За два дня дрова были расколоты. Жена подавала, а я укладывал их в поленницы. Но не как попало, а чередуя по цвету срезов, так что в сарае у нас появился своеобразный витраж или, вернее {296} сказать, мозаика из торцов. Она была так красива, что когда дрова высохли и стали звонкими, их было жаль носить в печку. Несколько чурбанов комлевого конца я оставил для хозяйственных нужд. Один мы использовали как стол.
Увлекали нас не одни лишь ближние красоты, но и дальние панорамы, они менялись в зависимости от сезона, от погоды, от времени суток.
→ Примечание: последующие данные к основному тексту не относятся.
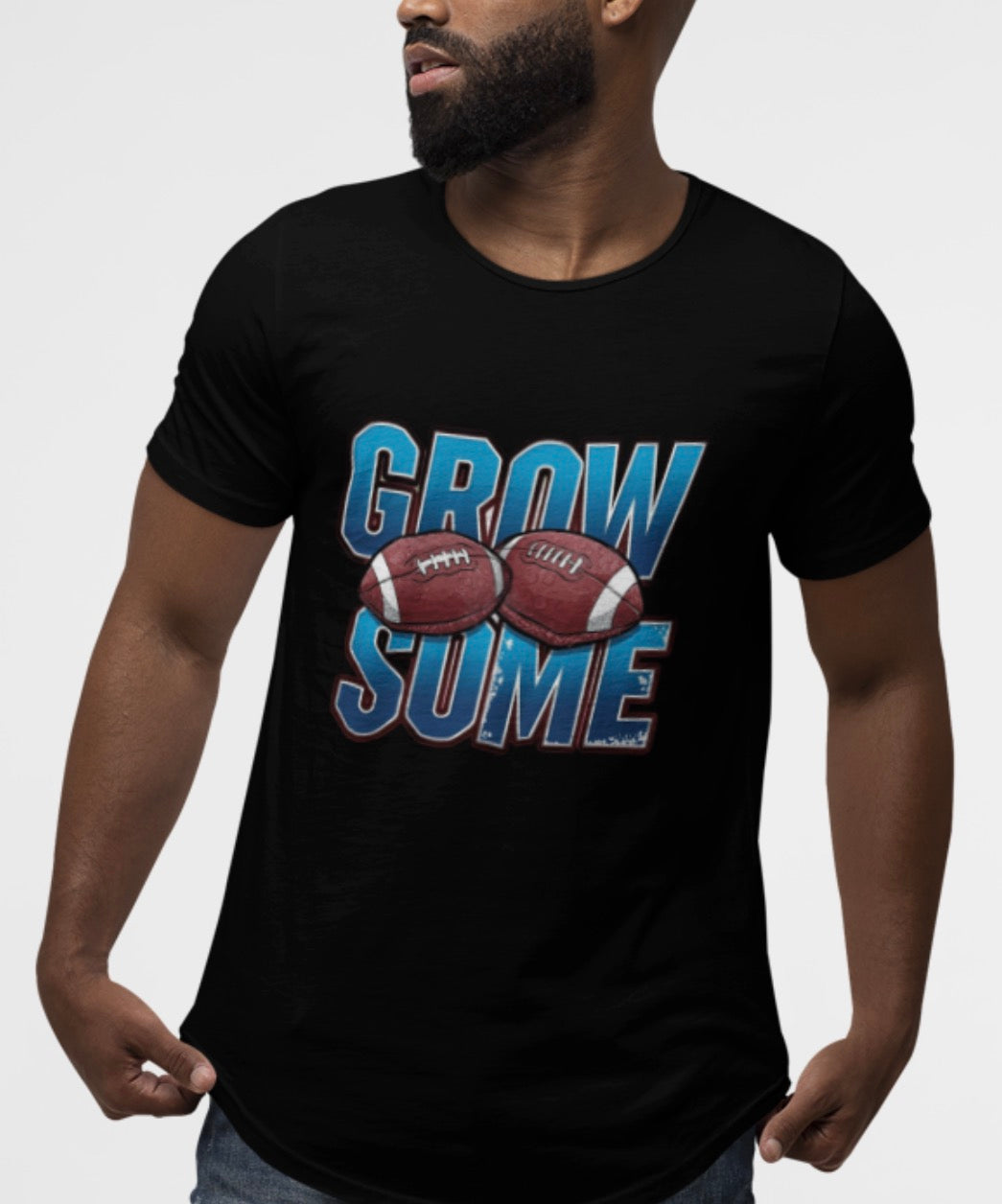 Grow Some Balls Football T-shirt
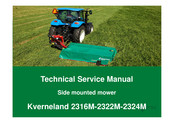 Kverneland 2316M Technical & Service Manual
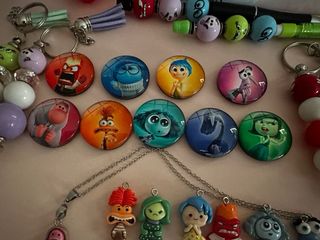 Lote Inside Out 2: Llavero, Bolígrafos
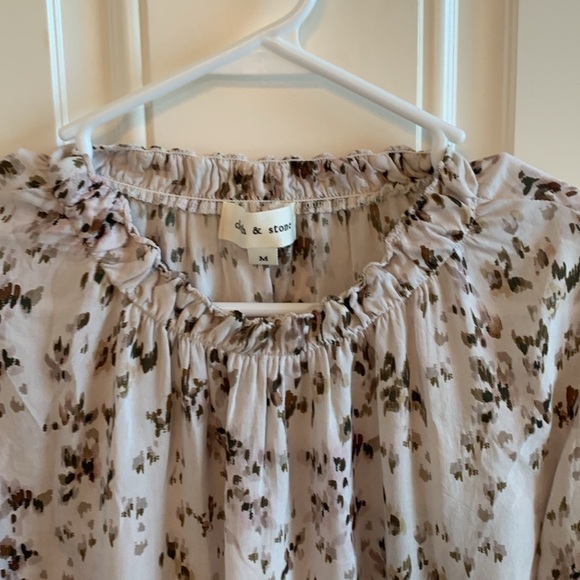 Cloth & Stone Print Shirt Sz M - Picture 3 of 9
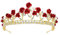 1 couronne de pétales de rose pour fille, couronne d'anniversaire, couronne de princesse dorée, couronne de beauté, couronne de strass pour enfants, couronne royale, 13,7 x 4,1 cm, alliage, no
Они были так хороши, что жена и сын время от времени брались то за пастель, то за акварельные краски. Особенно приятно было подняться на высшую вершинку холма в неустойчивую погоду. Можно было видеть, как далеко внизу, за десятки километров от нас, может быть уже в Латвии, над лесной равниной, похожей на южное море, плывет грозовой фронт, зловеще лиловый и набухший до тяжести, освещаемый снизу яркими вспышками, и стелится шлейфом дождя, а по равнине скользят солнечные пятна, соревнуясь в скорости с тучами — это на разных ярусах облаков идет своя гонка, посылающая на землю косыми лучами игру света и тени.
Почти каждый вечер мы выходили за околицу возле бани, чтобы проводить солнце. Иногда усаживались на стулья, как на театральном представлении. Чистые закаты выдавались редко, чаще они сопровождались буйством красок, охвативших полнеба. Это были лениво подвижные, фантастические, часто неправдоподобные конфигурации облаков, с причудливой цветовой гаммой, менявшиеся на глазах. И каждый раз было жаль, что они больше не повторятся. В застывшем виде их можно наблюдать только в отполированной яшме. Но это доступно и жителям городов.